THIS CHAPTER DISCUSSES the ways in which women were represented in two important Welsh newspapers, the Cambrian News and the Western Mail, from 1870 to 1895. Both were predominately English-language papers, the former circulating in the rural west and north and the latter in the industrial and commercial south of the country at a time of rapid economic, social, and political change. They depicted a largely male-dominated world in which men played key roles in political, ecclesiastical, and civic life. At the same time, they also reported on the activities of women and, moreover, they did so in ways that indicated the complexity of women's roles in society at this time.
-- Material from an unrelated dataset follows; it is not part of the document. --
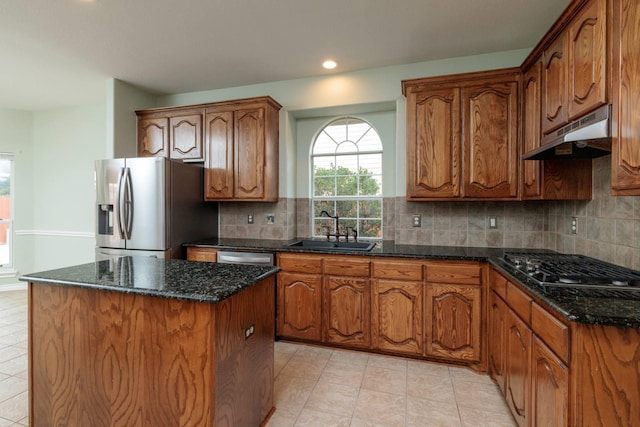 kitchen with dark stone countertops, a sink, stainless steel appliances, under cabinet range hood, and a center island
Scholars such as Margaret Beetham (1996) and Sian Williams (2011) have noted the influence of separate spheres ideology on both English-and Welsh-language periodicals in the nineteenth century. This chapter, however, considers how Welsh newspapers, which served socially differentiated communities, represented women in ways that did not conform to this dominant ideology. For instance, under John Gibson, who edited the Cambrian News from 1873 until 1915, the paper was more radical in politics than the Conservative-supporting Western Mail. Gibson promoted the legal and social rights of women in the pages of the Cambrian News and in his book The Emancipation of Women, published in 1891 (A. Jones 1994; W. G. Evans 1992; Cayford 1992). The chapter falls into two parts. Part one contextualises the discussion by examining pertinent issues about the representation of women in periodicals, the role of women readers, and the development of Wales and the Welsh press. Part two takes a detailed look at the various representations of women's lives embedded in the Cambrian News and the Western Mail.
Part One: Contexts
Women's magazines were produced within a society in which, by the mid-nineteenth century, separate spheres ideology had attained widespread influence. This ideology upheld the notion that the place of women was in the home, dealing with family and private matters, while the place of men was in the world of work and civic and political action. It was an ideology informed by the ‘underlying precept that each sphere of activity and responsibility within society should be endowed with distinct gender connotations and obligations’ (R. Jones 2000: 179).